Task> From the line containing "Miroir octogonal en" to the end of the data, retype every line exactly and nothing else. Drop the pictures.

Short text fragments from websites
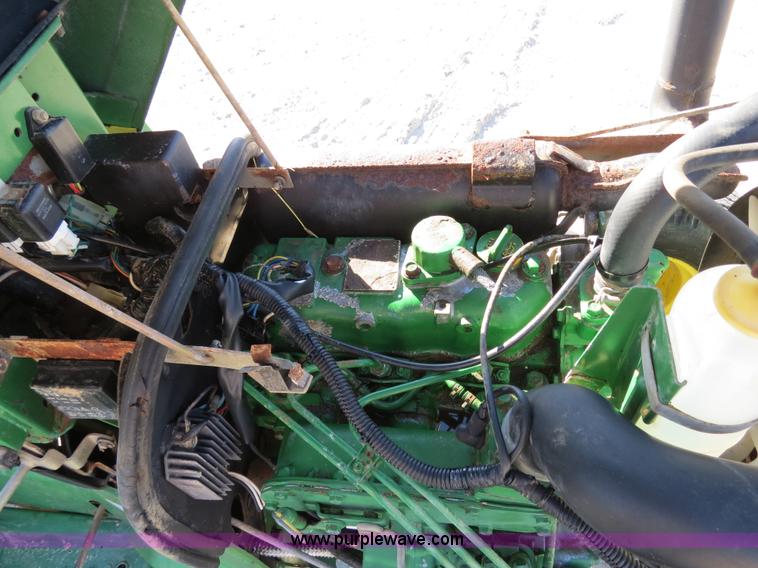 image for item S9532 1998 John Deere 870 tractor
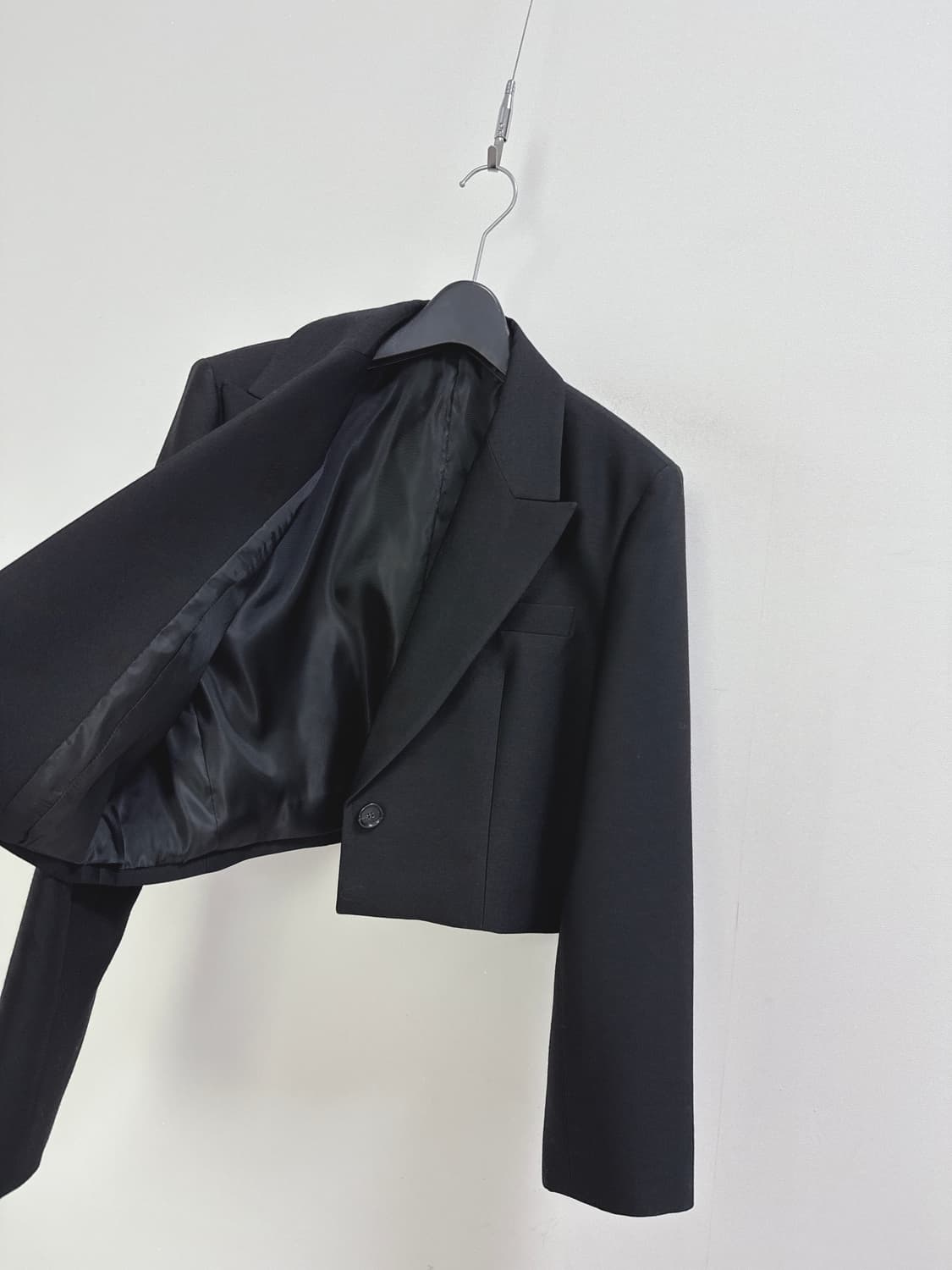 R2W 샵레디투웨어 울 실크 크롭 자켓 상품이미지3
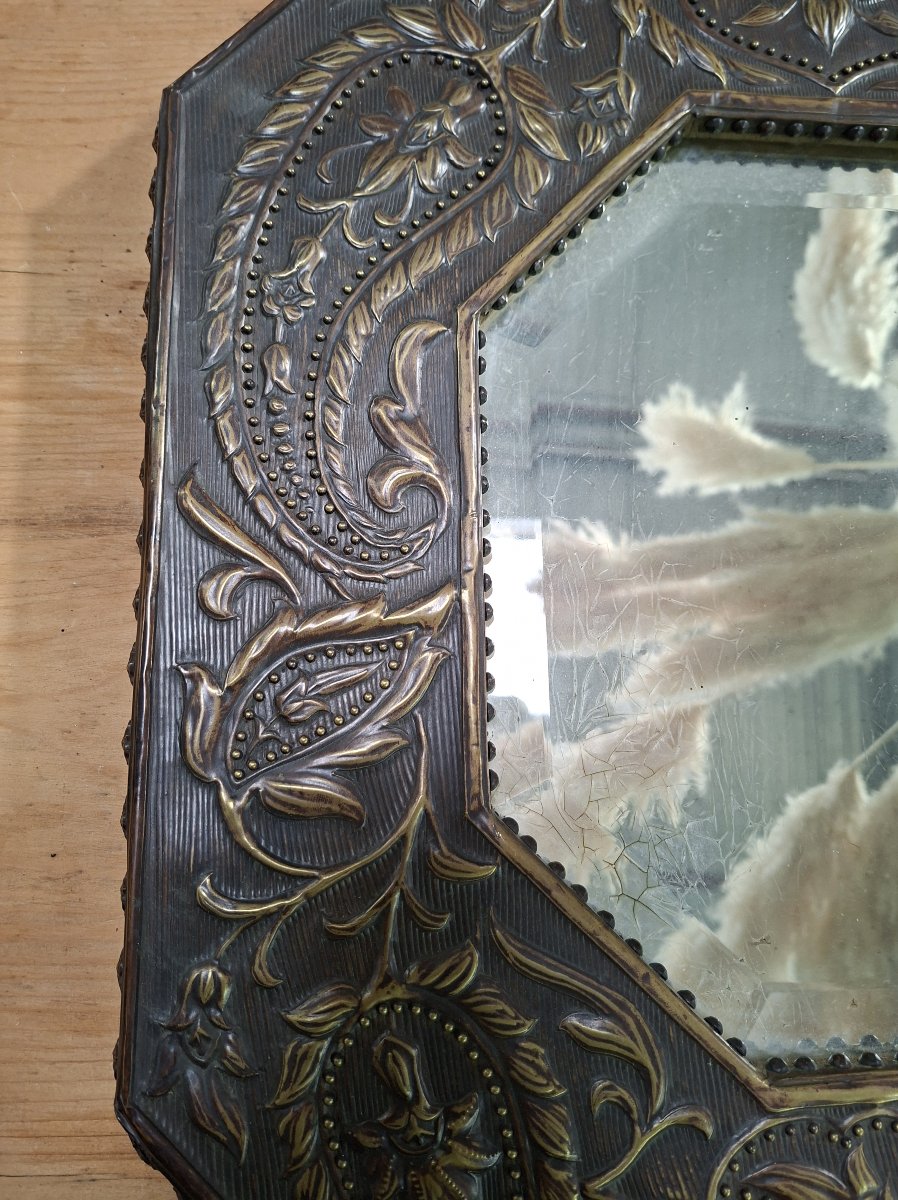 Miroir octogonal en cuivre repoussé – Décor floral et orientaliste -photo-2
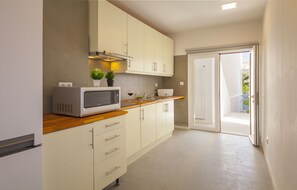 Apartment (1 Bedroom) | Private kitchen - A30 - Tamar Ground- Floor Flat by DreamAlgarve (Lagos)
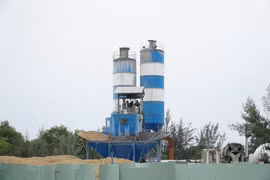 Trạm bê tông trái phép.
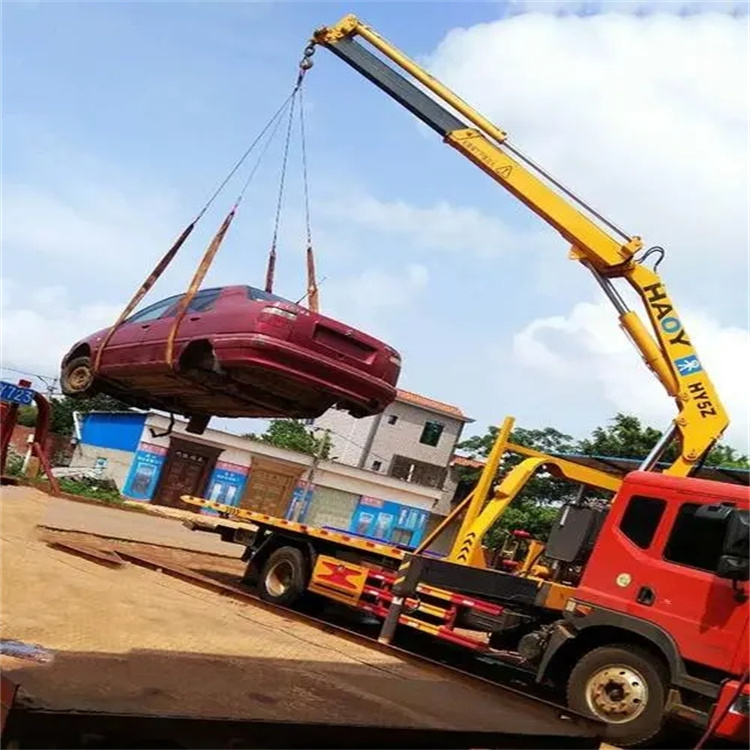 临朐吊车救援小汽车怎么吊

Task result>
 Miroir octogonal en cuivre repoussé – Décor floral et orientaliste -photo-2
 Apartment (1 Bedroom) | Private kitchen - A30 - Tamar Ground- Floor Flat by DreamAlgarve (Lagos)
 Trạm bê tông trái phép.
 临朐吊车救援小汽车怎么吊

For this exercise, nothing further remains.